First Methodist Episcopal Church

Millville
founded 1807, built 1868
North 2nd (Route 47) & East Pine

Millville's first Methodist Society was organized in 1807 when the Cumberland circuit was set off from the Salem circuit. Today the Methodists of Millville are served by seven different churches, but this was the first. This fine Neoclassical-Romanesque hybrid church was erected in 1868. The windows and entrance are Romanesque, but the clock tower seems to be more in the classic New England style. It sits across the street from the First Presbyterian church and three blocks north of Trinity Methodist church, erected in 1881.

Millville can trace its origins to a site three miles north of the city to an area known as the Union, where grist and saw mills were built in the early 18th century. The Maurice River was dammed to provide water to power the mills, and the area became known as Union Mills. In 1795, Col. Joseph Buck, who had served in the Revolutionary War, began to lay out the streets and sell lots. He used the name of Millville for his project. It was incorporated as a city in 1866.



















Trinity Methodist Episcopal Church

Millville
founded 1837, built 1881

Trinity Methodist was founded in 1837 and this substantial late Victorian church, much in the high Methodist idiom of the era, was erected in 1881. The white wooden tracery in the windows, the belfry and the lighter colored stone capping the buttresses is dramatically set off from the red brick building.

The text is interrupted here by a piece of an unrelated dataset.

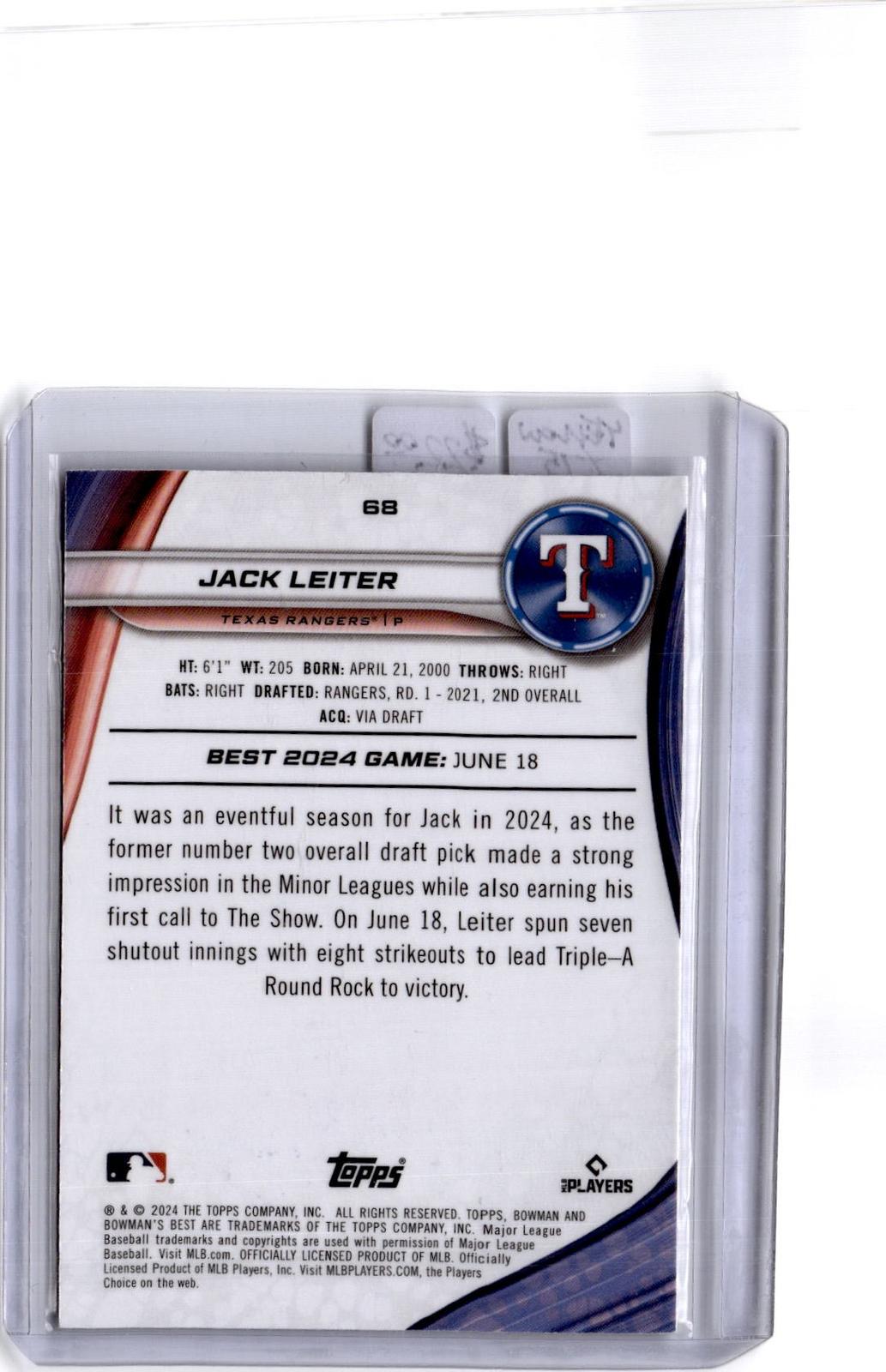 2024 Bowman's Best #68 Jack Leiter Yellow Lazer Refractor #/75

By the waning decades of the nineteenth century architects were borrowing elements from many styles, exaggerating the size of windows and entrances, adding gables and turrets, emphasizing quoins and buttresses with different colored stone or brick, and giving additional prominence to the surface of the building and not just to its form and mass. The building occupies a prominent location, only three blocks from the First Methodist church, which was erected in 1868.













Second Methodist Protestant Church
Millville
founded 18--, built c1889-1915












First Presbyterian Church
Millville
founded c.1837, built 1891

This interesting late Romanesque-Gothic hybrid church was erected in 1891, on a large city block between the Methodist and Baptist churches. It has Gothic arches, multiple gables, buttresses and the gargoyles from the Gothic, mixed with the round arches and rusticated stone and timber characteristic of much of the Romanesque. The congregation was organized by 1837. It was obviously designed for an upscale congregation, with a porte-cochere (carriageway) in the rear. The architect was Isaac Pursell of Philadelphia, I believe; he also designed the exceptional First Baptist church in Freehold (Monmouth county).













Central Baptist Church
Millville
founded 1842, built 1897

Millville's Central Baptist church sits in the middle of a row of late 19th century churches, one block off the main business street in the city. The congregation was organized in 1842 and this church was erected in 1897, the last of the four to be built. The square tower with the quoins surrounding the windows and the tower's edges, and the little railing around the belfry are elements borrowed from the neo-classical designs of Wren-Gibbs churches, but the asymmetry of the overall plan is clearly from a later Victorian mode. It sits down the street from the Trinity Methodist church and adjacent to the First Presbyterian church, built six years earlier.